The loss of Afrin, should it fall, would not be as strategically impactful as a Turkish push into the main body of Rojava (Syrian Kurdistan). The Syrian Kurds would have gained deeper understanding of how the Turkish military operates against their forces in the interim while giving them time to prepare for possible incursion into other portions of their territory. The resultant brutality against Afrin’s Kurds would further steel the determination of their siblings in the east while accelerating YPG/J recruitment. It might also unify the often fractious Kurds in ways beneficial to the Syrian Kurdish authorities. The Turkish invasion of Afrin cannot be honestly described as anything other than homicidal aggression, which has caused both the PUK and KNC to condemn the attack as "near genocide" despite their longstanding tensions with the PYD.

A wholesale Turkish invasion of Rojava could accelerate a sort of Pan-Kurdish nationalism, risking a future cross-regional war against an alliance of Kurdish forces from Syria, Turkey, and even Iraq. A war between Turkey and a unified Kurdish front is not beyond the realm of possibility assuming Turkey attempts to overtake the entirety of Rojava, and I don't think it's a fight Turkey can win in the long haul. The classic refrain among Kurds is that they ultimately have "no friend but the mountains". But, in the end, they oftentimes find renewed camaraderie with fellow Kurds the moment they’re backed up against a wall.

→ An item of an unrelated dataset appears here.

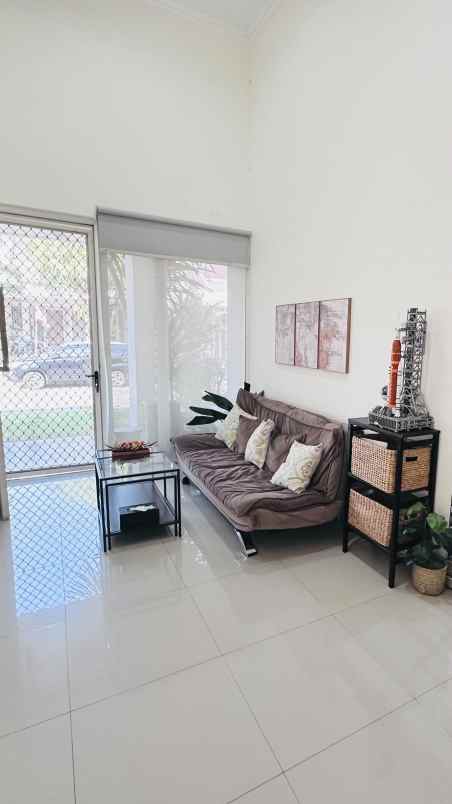 dijual rumah di graha padma krapyak semarang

A perennial rule of guerrilla warfare is that victory is often determined by sheer human resilience rather than technological or firepower superiority. The question in Afrin remains whether the Turkish military has the fortitude to engage a hardened force hellbent on fighting to the last. Even if they do, it could be an ugly, harrowing victory that inflicts immense degradation on the perpetrator in the pursuit of very little.